ピエール中野(ドラムス、以下:ピエール) 意外ですかね。
――先行シングルが出ている状況でアルバムを作るのはみなさん初めてですし、“Telecastic fake show”にしても“moment A rhythm”にしても、その一枚で完結している世界があるわけじゃないですか。それをアルバムに入れ込む作業はいかがでした?
TK 新鮮でしたね。違う作品に入っていた曲が10曲のなかに入ると、また聴こえ方が変わるんですよね。逆にその2曲がスタート地点になってくれたから、その後の作業がいつもより見えやすかったっていうのがありましたね。
――時雨の〈静と動〉が端的に出ている2曲から広げていった?
TK そうですね。
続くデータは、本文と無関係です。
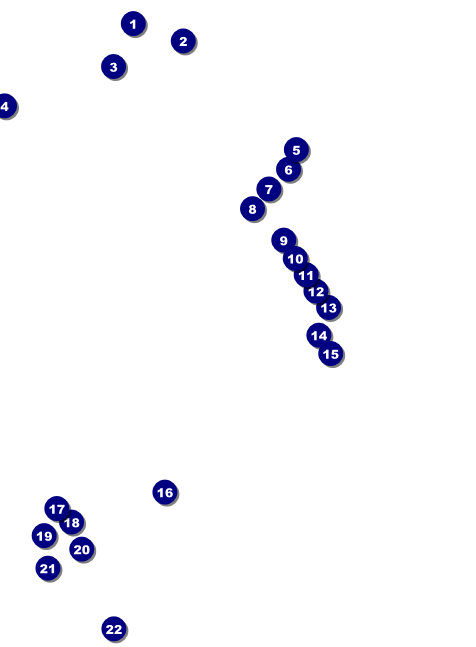 Casino Dealer Invitation Front Field Markers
昔からあった曲をアレンジするっていう作業もありましたし、アコースティック・ギターの曲(“Tremolo+A”)――ツアーでずっとやっていた、もともと出来ている曲をパッケージするっていう作業もありましたし、ホントにゼロから作った曲っていうのもあったんですけど、まあ、いつもと変わらずという感じでしたね。最初はその2曲が入ってることが新鮮でしたけど、その後はいつもどおり作ったら、いつもどおり出来たっていう感じで。
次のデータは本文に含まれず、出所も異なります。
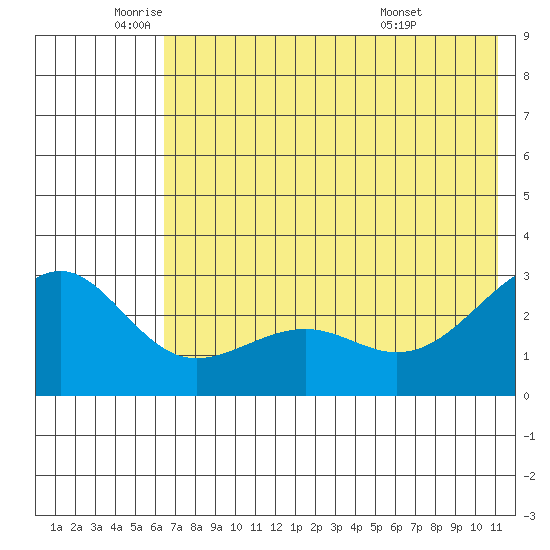 Shoal Point tide chart for Monday, June 12, 2023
――ちなみに、アルバム制作に入る段階で、コンセプト的なお話は……。
TK してないですね(笑)。
――いつもどおりに(笑)。
TK はい。いつもどおりに(笑)。
――(笑)。先ほど“Telecastic fake show”と“moment A rhythm”をスタート地点としてアルバム制作が始まったというお話を聞いて、なるほどなあと思ったんですけど、ある意味で両極とも言える2曲が起点となっているからなのか、本作は楽曲の振り幅がより大きくなったなと思います。あと、暴力的な轟音とエキセントリックな曲展開に翻弄される感覚がありながらも、音のひとつひとつがきっちりと聴こえるというか。そこが聴き手の耳を引き留めるポップさや、グルーヴの強化に繋がってる気がしますが。
TK 確かに、音色も含めて時雨がシンプルに聴こえる瞬間っていうのが、いつもよりは多いのかな、っていう感じはありますね。曲をとおしてすべてがポップっていうことではないと思うんですけど、そう聴こえる瞬間がいつもよりは多いというか。音色に関しても、『Inspiration is DEAD』はすごく荒々しい感じでしたけど、今回は、まあ荒々しい部分はあるけど、少し洗練された感じは……前に比べたらありますね。
ピエール 謙虚だね(笑)。
TK 僕は自分で録ってる曲が多いので、ほかのバンドに比べて音がいいなとかはまったく思わないんですけど(笑)、前の作品に比べると、よりグルーヴ感が出るような音色になってるのかなっていうのは感じますね。